From the material below, return exactly the lines starting at the one that holds "843 S Jack Rd, Crystal Beach, TX 77650" and ending at the one that holds "Goed onderhouden gelijkvloersappartement". Pictures stay out of the answer.

| RECORDS FOR PROCESSING |

◇ ◇ ◇ ◇ ◇ ◇ ◇

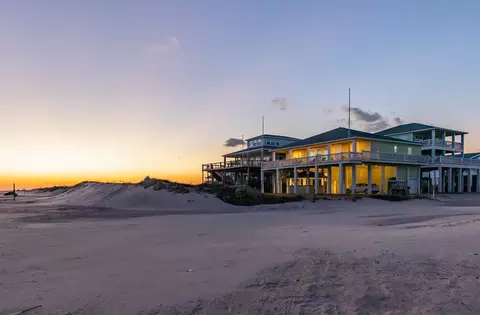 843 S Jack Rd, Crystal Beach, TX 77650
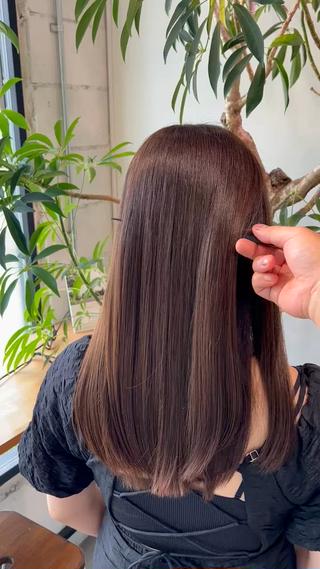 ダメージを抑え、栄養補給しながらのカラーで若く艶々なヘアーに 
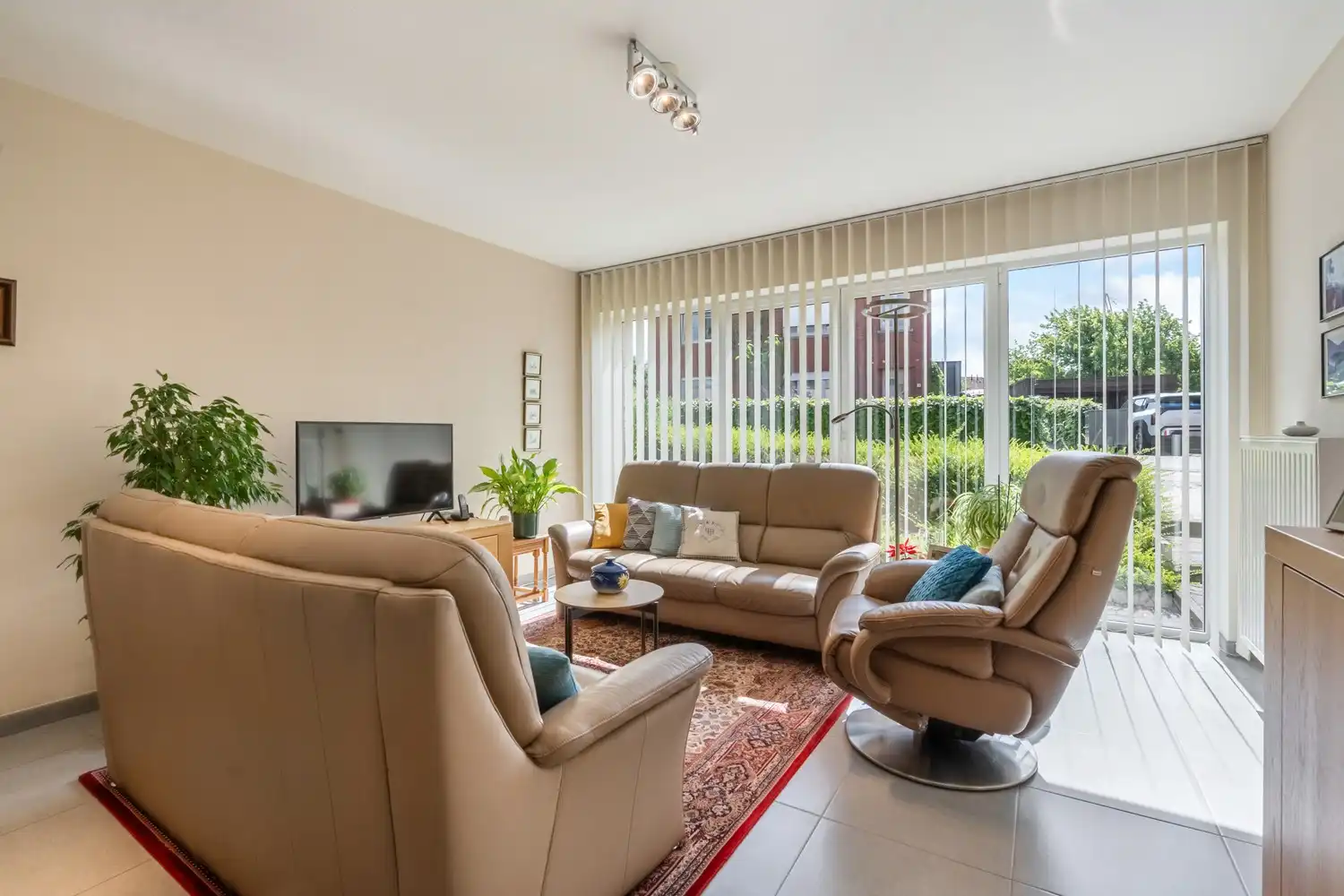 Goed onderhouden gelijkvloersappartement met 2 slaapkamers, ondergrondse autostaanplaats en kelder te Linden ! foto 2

◇ ◇ ◇ ◇ ◇ ◇ ◇

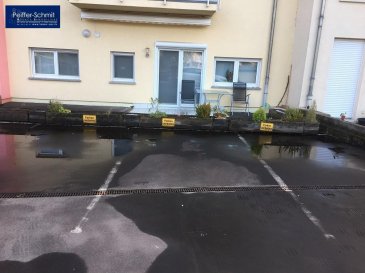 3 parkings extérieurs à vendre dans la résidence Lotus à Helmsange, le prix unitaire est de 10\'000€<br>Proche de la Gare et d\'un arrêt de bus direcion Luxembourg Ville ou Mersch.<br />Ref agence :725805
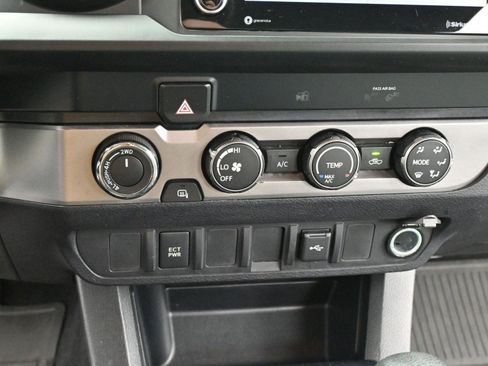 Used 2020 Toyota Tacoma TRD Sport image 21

◇ ◇ ◇ ◇ ◇ ◇ ◇

| EXERCISE SOLUTION |
 843 S Jack Rd, Crystal Beach, TX 77650
 ダメージを抑え、栄養補給しながらのカラーで若く艶々なヘアーに 
 Goed onderhouden gelijkvloersappartement met 2 slaapkamers, ondergrondse autostaanplaats en kelder te Linden ! foto 2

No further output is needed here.